And what occurs as you get to these more complex problems and engineering problems, it typically increases the content for us. And that's when we use the word electronification versus electrification. As you have any change where you're trying to hang more electronics on an architecture in a car, you're trying to basically improve that, that creates content opportunity for us. And even when we talk about the 4 to 6, we have to realize, electronification is just as important as electrification of the powertrain and that happens across everything.

So those types of changes we're excited about. And we're fortunate that we can work with every car company in the world as they work on these next-gen architectures.

Operator

Your next question comes from Christopher Glynn from Oppenheimer.

C
Christopher Glynn
analyst

Heath, you talked a little bit about capital allocation. I was noting the $2.5 billion repurchase. I think it's a little bigger than normal. So I just wanted to go back to that discussion. Does that suggest any adaptations for your capital strategy?

H
Heath Mitts
executive

Thanks, Chris, and I appreciate the follow-up question on this. No, I think when we sat with our Board and went through it, part of this announcement was taking into consideration the amount of cash flow that we've been generating as a company and where we need to be positioned to give us options. And we've used the word optionality a couple of times today and that seems to be the word that's resonated with us in terms of we do have a stronger M&A pipeline in front of us, but we've got to do deals that make sense for our owners and valuations and value creation opportunities.

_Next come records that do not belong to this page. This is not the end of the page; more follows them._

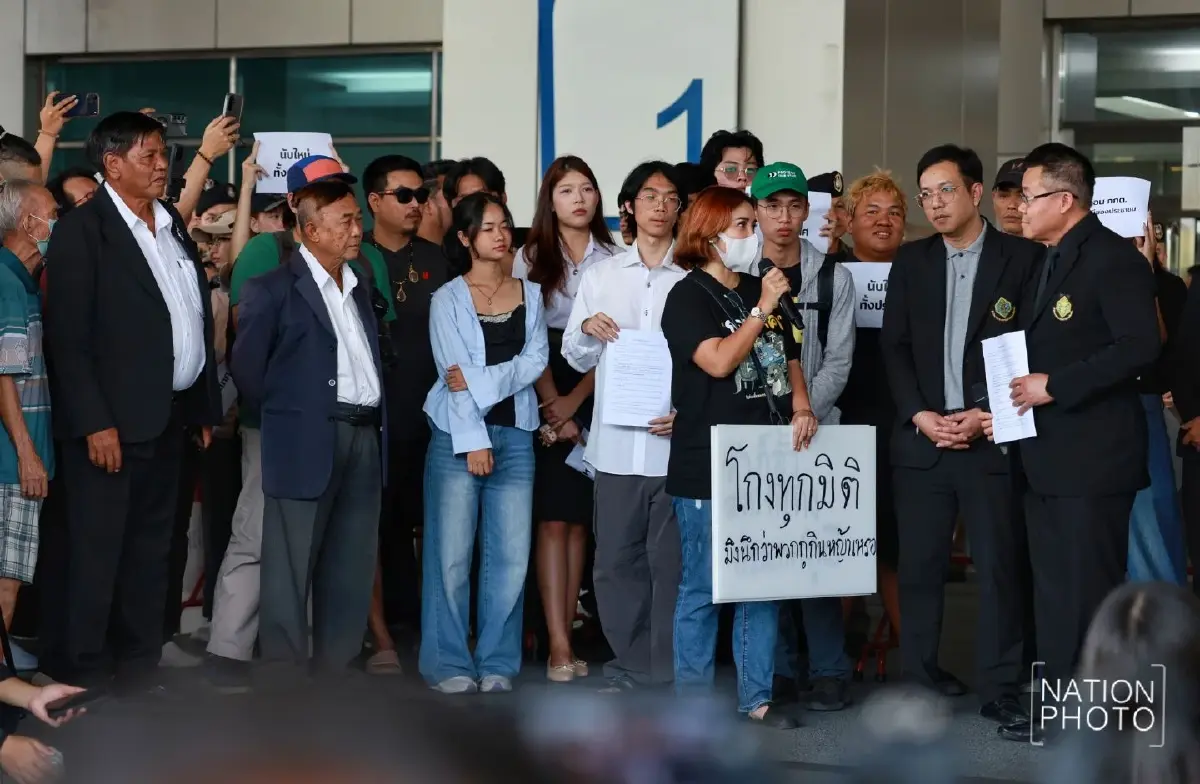 บุกสำนักงาน กกต. จี้นับคะแนนใหม่ทั้งประเทศ เลือกตั้ง 69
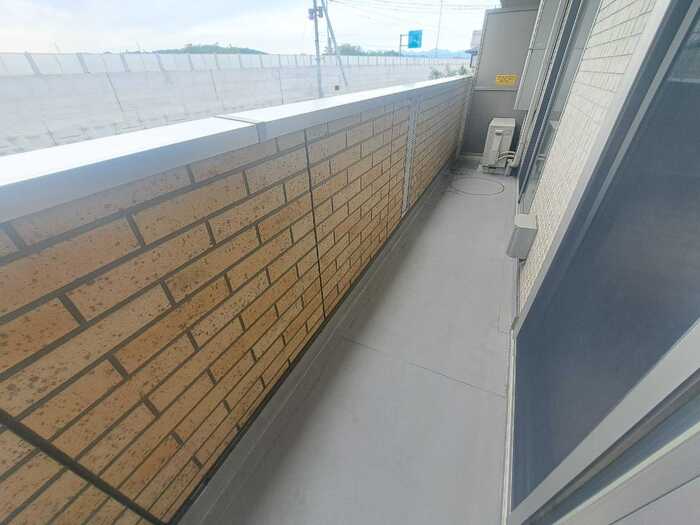 13/25 バルコニー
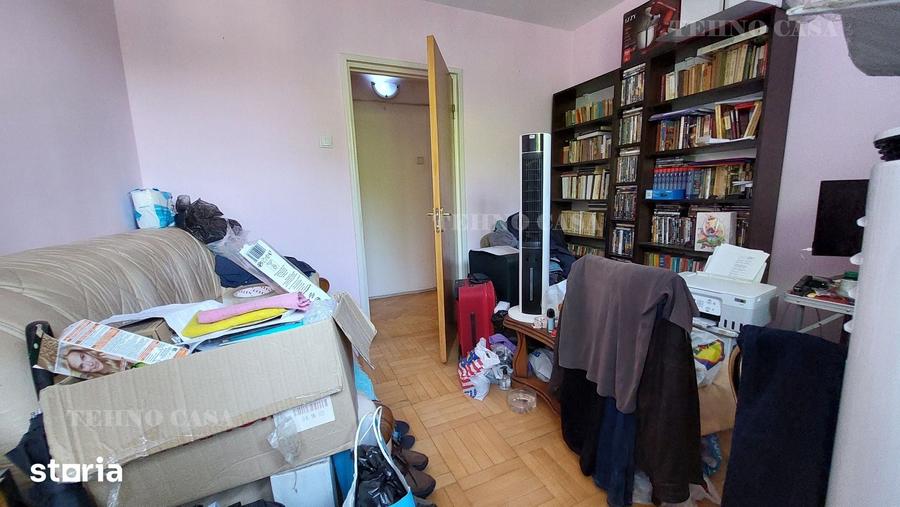 Apartament cu 4 camere semidecomandat în Titan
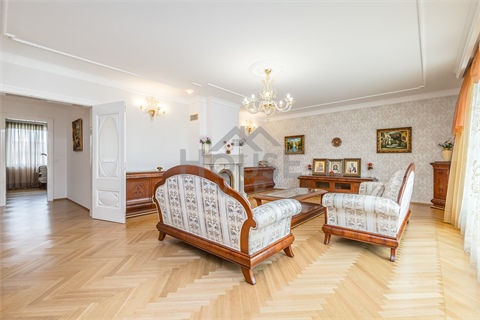 Prodej rodinného domu, 500 m² 14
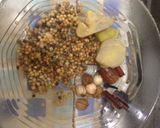 Foto langkah ke 1 dari resep Nasi Kebuli Ayam.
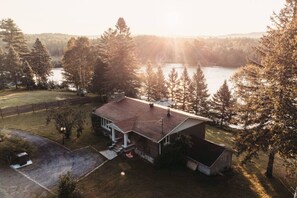 Exterior - Beautifull Lakefront with Spa. (Saint-Alexis-des-Monts)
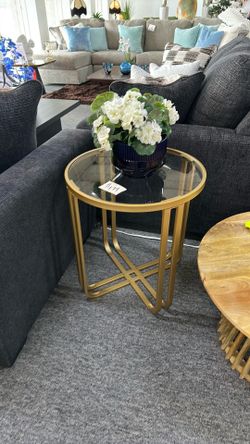 End table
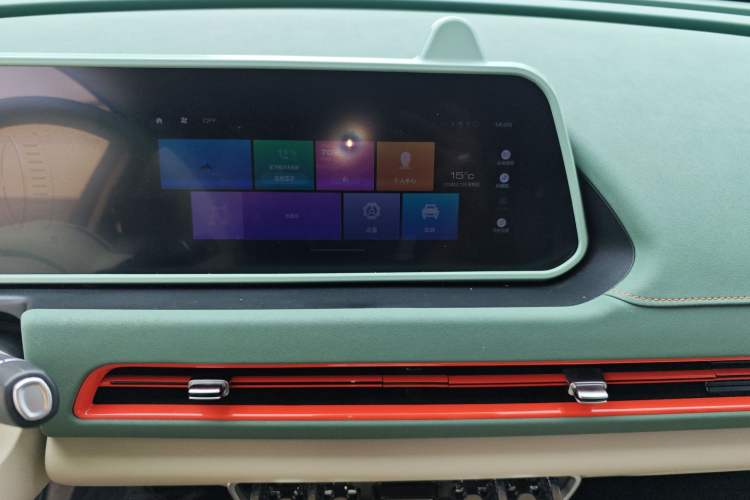 Used ORA Good Cat 2023 401 km Standard Range Premium Version Lithium Iron Phosphate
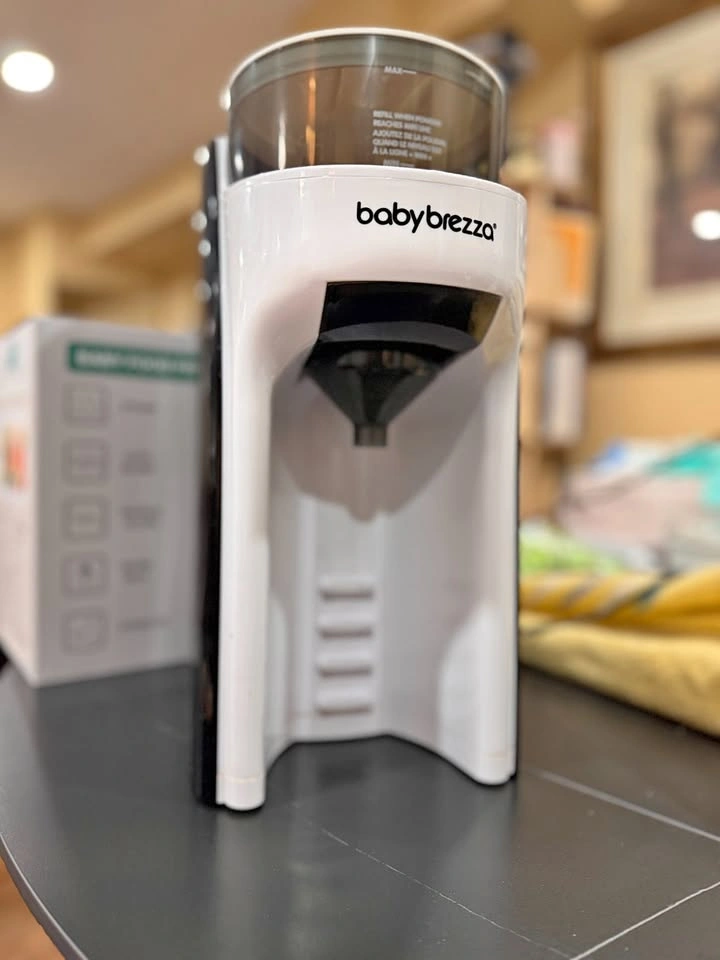 Baby Brezza Formula Pro Advanced Baby Formula Dispenser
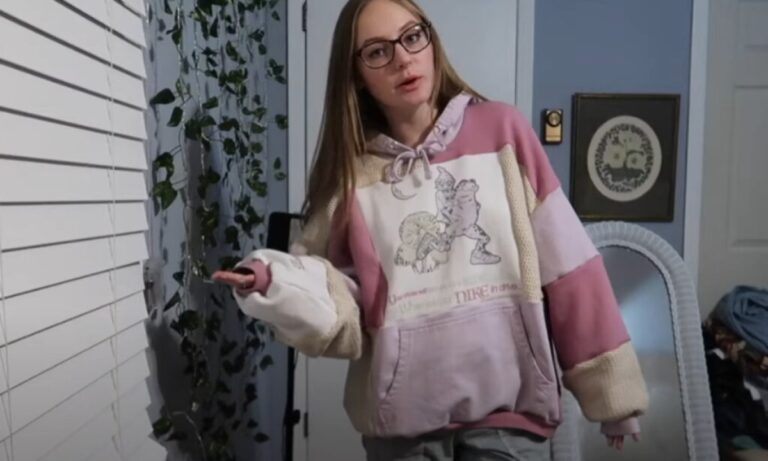 DIY Patchwork Hoodie You Can Actually Make at Home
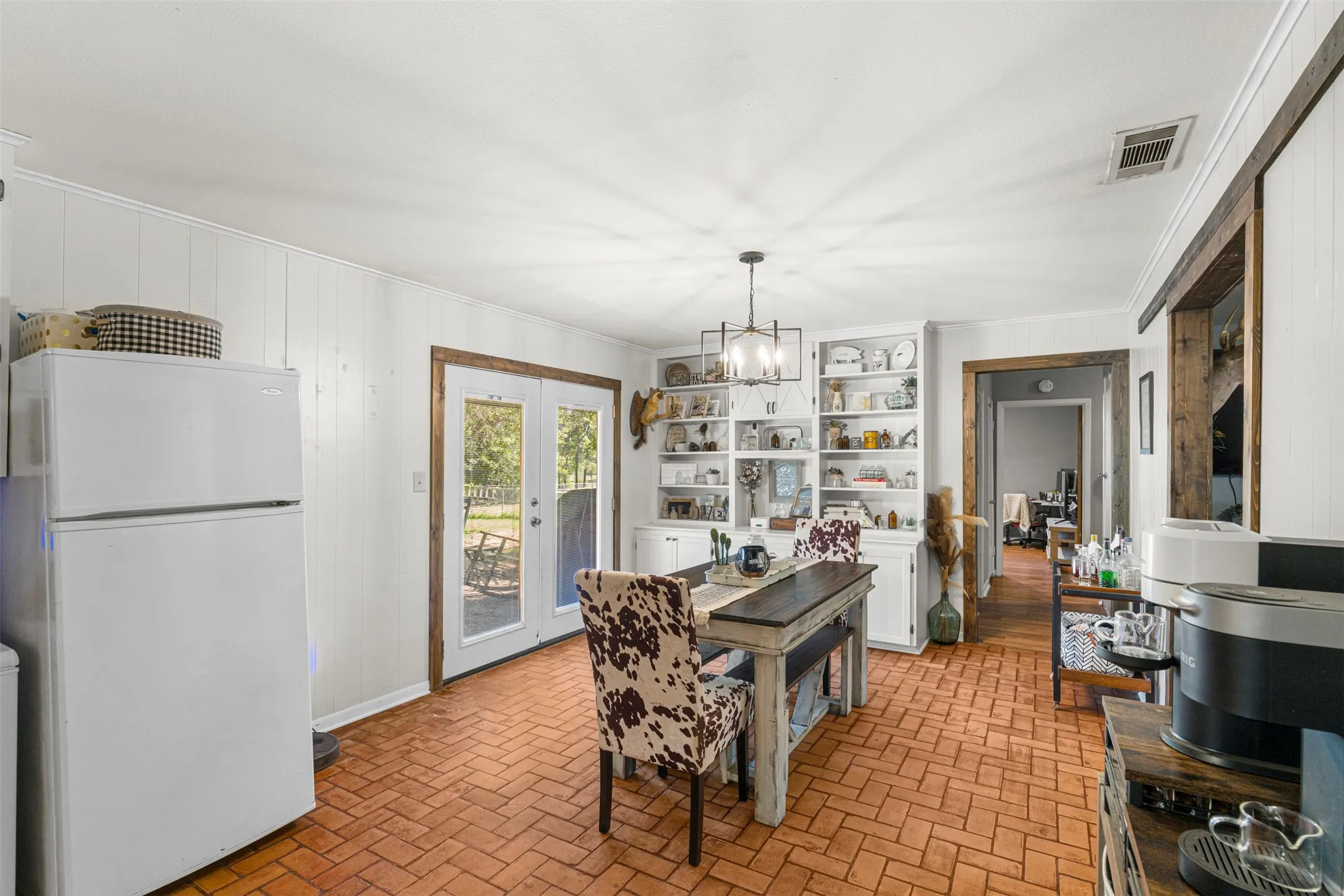 veiw to kitchen from dining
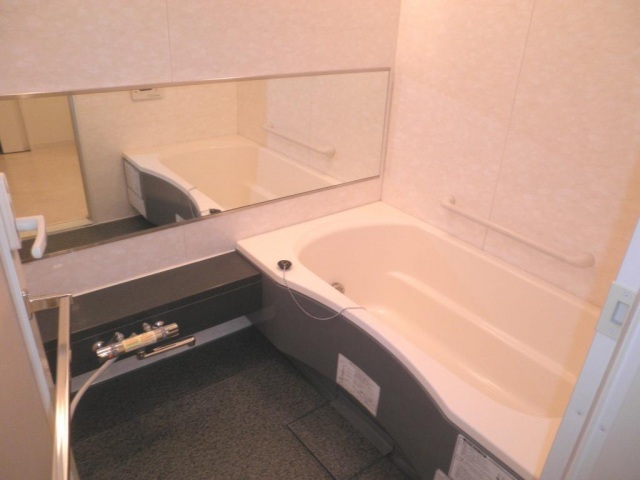 バス・シャワールーム　別部屋参考写真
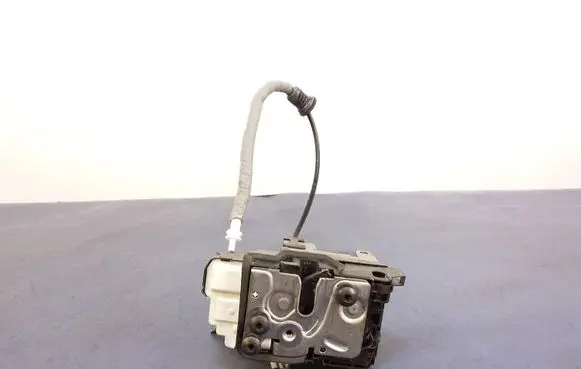 Volvo XC60 Front door lock 31349894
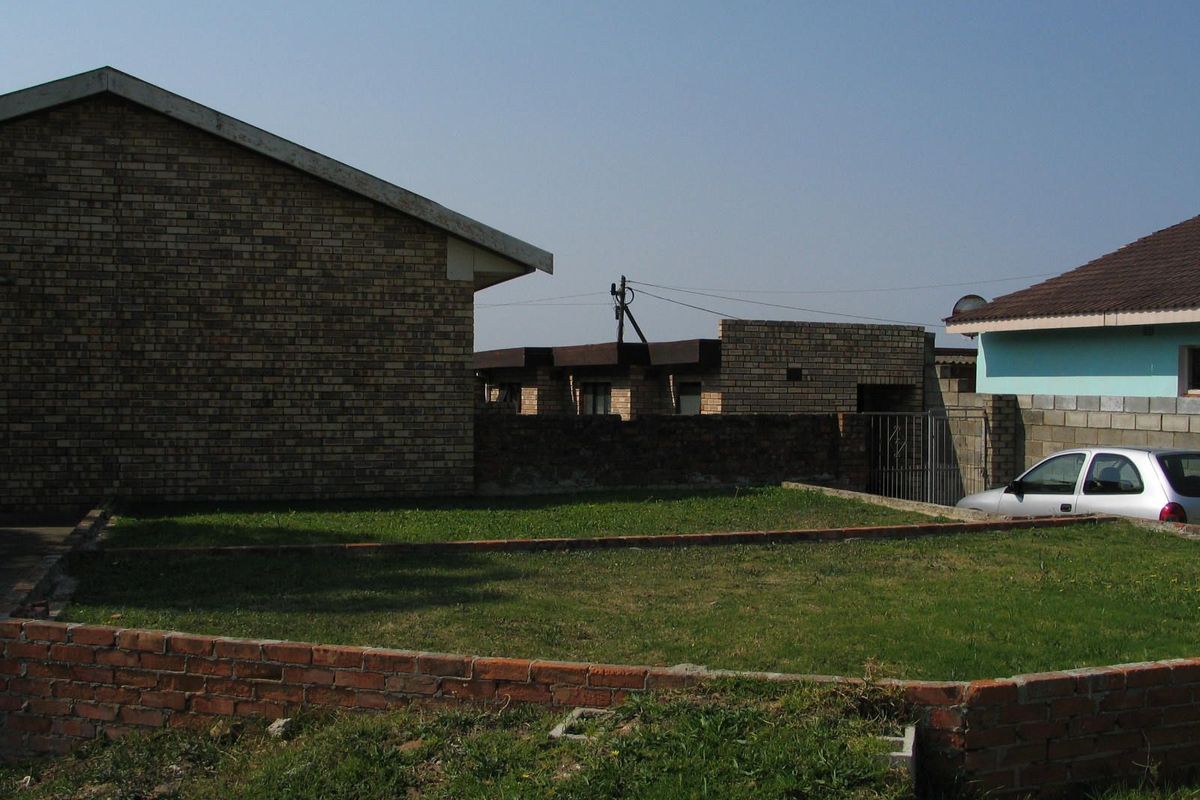 House For Sale in Palm Ridge - Photo 5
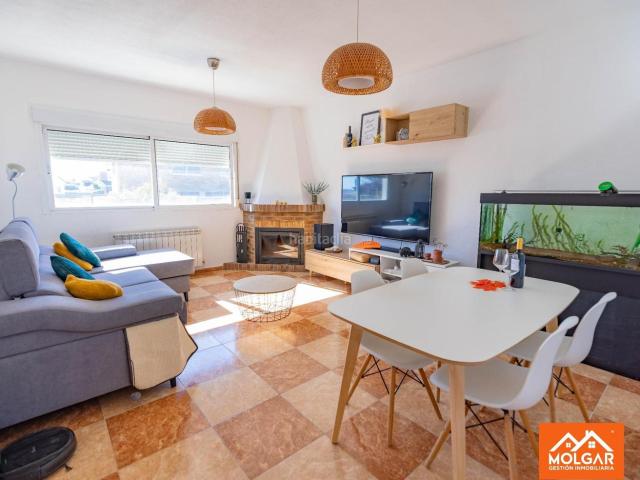 Casa en venta en Galápagos. Chalet unifamiliar en una sola planta con piscina privada. Casas.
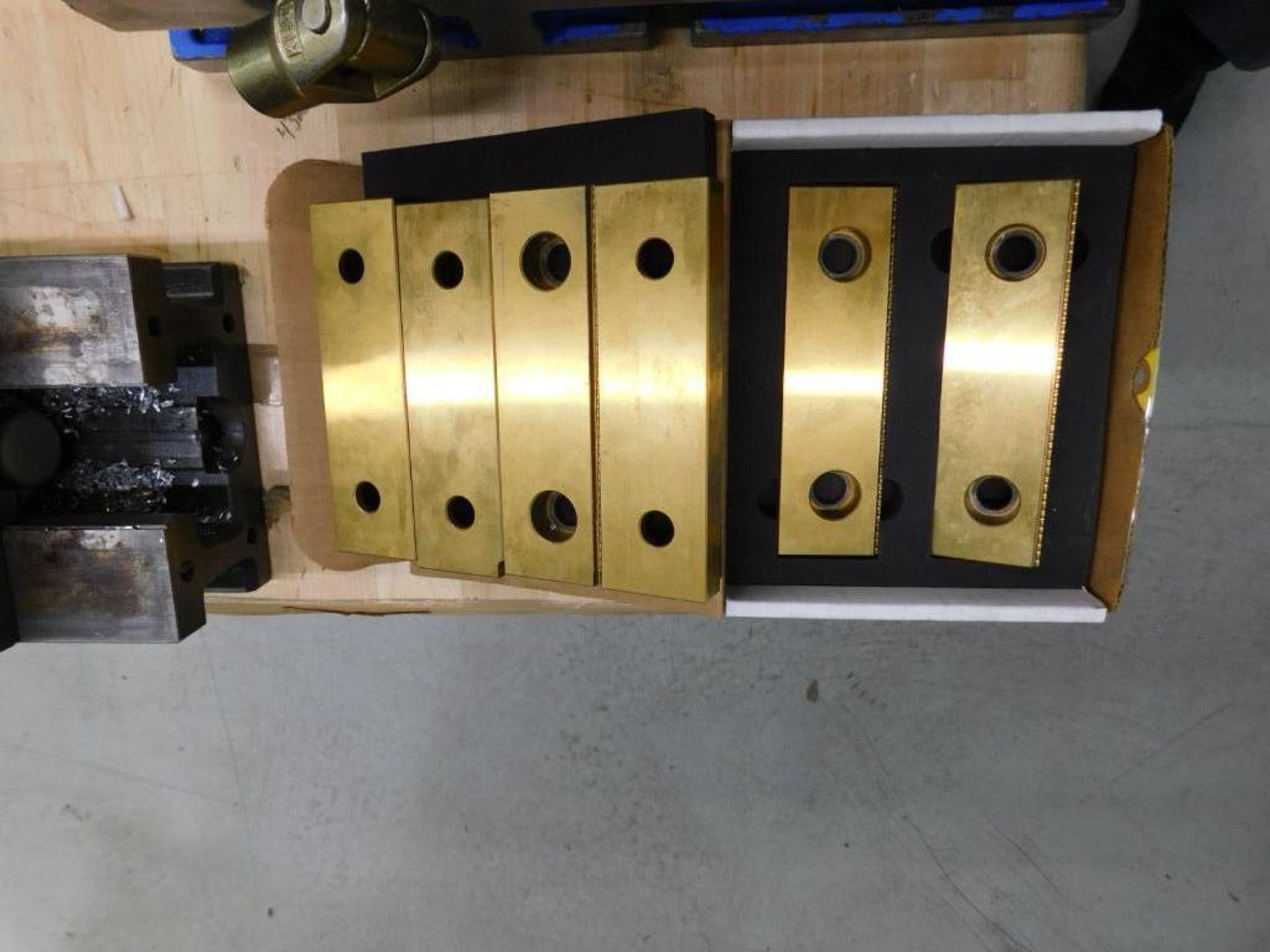 LOT: Assorted 6" 5th Axis DJ6 Jaws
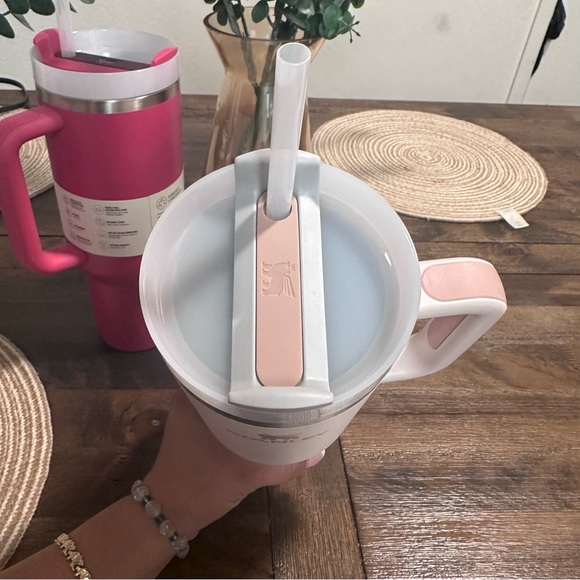 Stanley 40oz Quencher H2.0 Tumblers - Picture 5 of 10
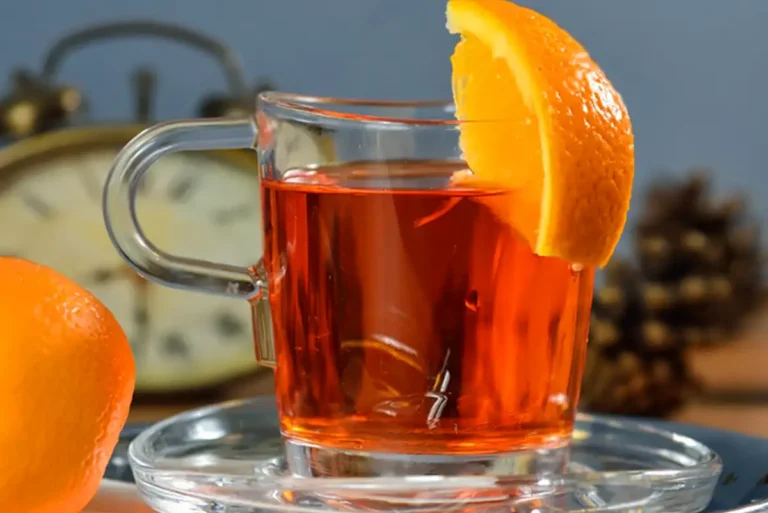 Heißer Aperol, sorgt im Winter für wohlige Wärme!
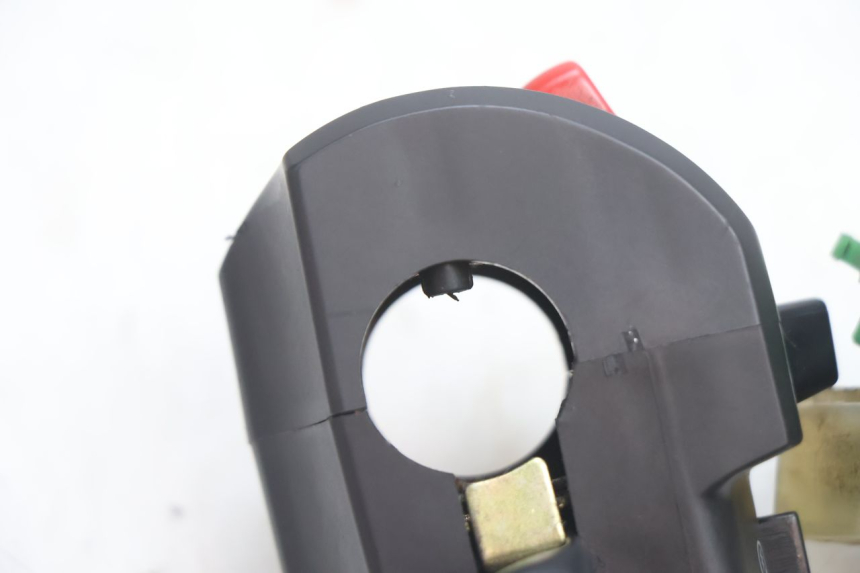 photo de COMUTADOR DIREITO KAWASAKI ZX-6R ZX6R 600 (2000 - 2002) - Outro ângulo de visão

Having said that, we still have an ample excess cash flow and we have no intention of piling up on our balance sheet here. So we never have and that's not our strategy. So it gives us an opportunity to deploy capital via share buyback to our owners in addition to what we do with the dividend which will increase as our earnings and cash flow increases. So it's just another mechanism. I suspect it will take us out over the next couple of years in terms of that authorization. But no change in that, just maybe a little bit more bullishness about our ability to continue to generate cash flow, utilize our balance sheet and stay balanced with what we're doing.

Operator

Your next question comes from Luke Junk from Baird.

L
Luke Junk
analyst

Terrence, would be great to get your updated perspective on TE's automotive positioning in China. Specifically you've talked a lot about Asia this morning. But I want to zoom in on China and just some of the key achievements underpinning what's been seemingly a very strong year overall there. I guess I'm thinking about your positioning with current customers, turning on new customers maybe and especially leverage to locals and just what that might mean as we move into next year.

And then simultaneously from a competitive standpoint, are you seeing any changes there, especially in the local players making incremental incursions into the market in China?

T
Terrence Curtin
executive

No, fair. Thanks, Luke. And first off, you have to assume, when we talk about Asia, China plays a very big part in that. About half of Asia's vehicles are made in China. So when you think about the world and we always talk about global auto production, while there's 87 million cars made in the world, 50 million of those are made in Asia. And of those 50 million, half of those are in China. And China is a very important position for us. And about $2 billion of our automotive revenue is China alone.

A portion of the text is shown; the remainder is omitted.